May be a good jumper however because he has a fairly pointy croup but check out his knees and ask why he is coming off the track as he could have had a problem jumping on the track which would be a bit dasapointing if you want to sj him 

Love his dapply butt!!! XD


----------



## bubba13 (Jan 6, 2007)

Have any photos of him standing square, and not underneath himself? The stance could be a fluke, or it could be a sign of a soundness/conformation problem. I don't see buck knees. I do see a finer-boned horse than ideal. I'm not wild about his pasterns, but other than that he's built quite nicely.


----------



## EnglishGirl144 (Nov 16, 2011)

sorry I'll ask for more pictures. I can post racing pictures and winner circle pictures


----------



## EnglishGirl144 (Nov 16, 2011)

08-30-11 10 Perfect Quatorze COMP.jpg | EQUI-PHOTO /Bill Denver

04-17-11 09 Perfect Quatorze COMP.jpg | EQUI-PHOTO /Bill Denver


----------



## tinyliny (Oct 31, 2009)

He is not over at the knee, IMO. But, pasterns are pretty long. However, they are in porportion to his also very long and somewhat lightly boned legs. He has a really nice shoulder, good ratio of neck to back and a lovely head. Only his long leg/light bone would concern me a wee bit. .


----------



## blue eyed pony (Jun 20, 2011)

my god those are long cannons! my horse has long cannons too but not a shade on this tb. for a jumping horse keep looking. long cannons are weak and more prone to soundness issues. in a jumping horse the legs need to be darn near perfect.
_Posted via Mobile Device_


----------



## teamfire (May 27, 2011)

I'm only recently starting to understand conformation, so I won't say much.

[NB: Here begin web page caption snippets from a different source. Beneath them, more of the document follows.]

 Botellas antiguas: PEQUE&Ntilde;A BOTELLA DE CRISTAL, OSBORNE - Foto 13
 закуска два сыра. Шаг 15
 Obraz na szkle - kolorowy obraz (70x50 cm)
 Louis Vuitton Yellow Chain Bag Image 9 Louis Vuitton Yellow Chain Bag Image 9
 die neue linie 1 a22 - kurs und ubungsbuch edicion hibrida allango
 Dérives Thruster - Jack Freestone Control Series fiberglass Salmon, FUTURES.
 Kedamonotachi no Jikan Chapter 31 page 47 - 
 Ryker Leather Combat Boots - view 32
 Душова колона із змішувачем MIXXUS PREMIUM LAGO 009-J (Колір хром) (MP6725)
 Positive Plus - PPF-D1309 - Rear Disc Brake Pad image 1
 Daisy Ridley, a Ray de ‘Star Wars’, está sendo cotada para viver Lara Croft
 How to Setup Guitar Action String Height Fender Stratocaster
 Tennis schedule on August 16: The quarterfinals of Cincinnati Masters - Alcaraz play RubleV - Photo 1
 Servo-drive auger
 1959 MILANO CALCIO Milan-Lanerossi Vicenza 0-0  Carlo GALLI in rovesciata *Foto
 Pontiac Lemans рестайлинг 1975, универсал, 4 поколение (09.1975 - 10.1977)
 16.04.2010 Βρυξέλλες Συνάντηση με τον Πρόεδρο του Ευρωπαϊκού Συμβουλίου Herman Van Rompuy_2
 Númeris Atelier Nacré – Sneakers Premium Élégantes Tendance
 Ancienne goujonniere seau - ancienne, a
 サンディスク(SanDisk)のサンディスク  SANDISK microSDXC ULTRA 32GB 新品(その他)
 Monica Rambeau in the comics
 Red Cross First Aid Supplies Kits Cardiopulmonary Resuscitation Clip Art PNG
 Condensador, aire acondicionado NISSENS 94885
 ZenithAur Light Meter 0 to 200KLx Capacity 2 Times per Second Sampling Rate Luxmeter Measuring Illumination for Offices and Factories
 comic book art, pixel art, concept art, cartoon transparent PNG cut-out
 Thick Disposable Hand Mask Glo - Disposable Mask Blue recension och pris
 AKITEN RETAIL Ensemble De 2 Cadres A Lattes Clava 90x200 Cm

The only thing that really stuck out to me is how low his point of shoulder is. He looks like he's going to be really hard to get off the forehand.


----------



## bubba13 (Jan 6, 2007)

His cannons are really not all that long. It's an optical illusion due to the length (and subsequent weakness) of his pasterns and the fineness of his bones.


----------



## blue eyed pony (Jun 20, 2011)

Upon viewing the photo on my computer I do agree with you Bubba. was on my phone so couldn't really see much, but that's what stood out to me. I do agree with the person who said they thought he was shoulder heavy, he does look to be built downhill - and no, wither height is NOT how you judge whether a horse is level or not. I'm looking at back shape and the way his whole body feels (to me) like it's going forward and down.

With pasterns like those, and a downhill build, I would still keep looking. Long pasterns are, as Bubba said, an inherent weakness in the leg, and you wouldn't want to do any high-level jumping with this horse. I don't feel that he would be capable of it anyway with the way he is built.


----------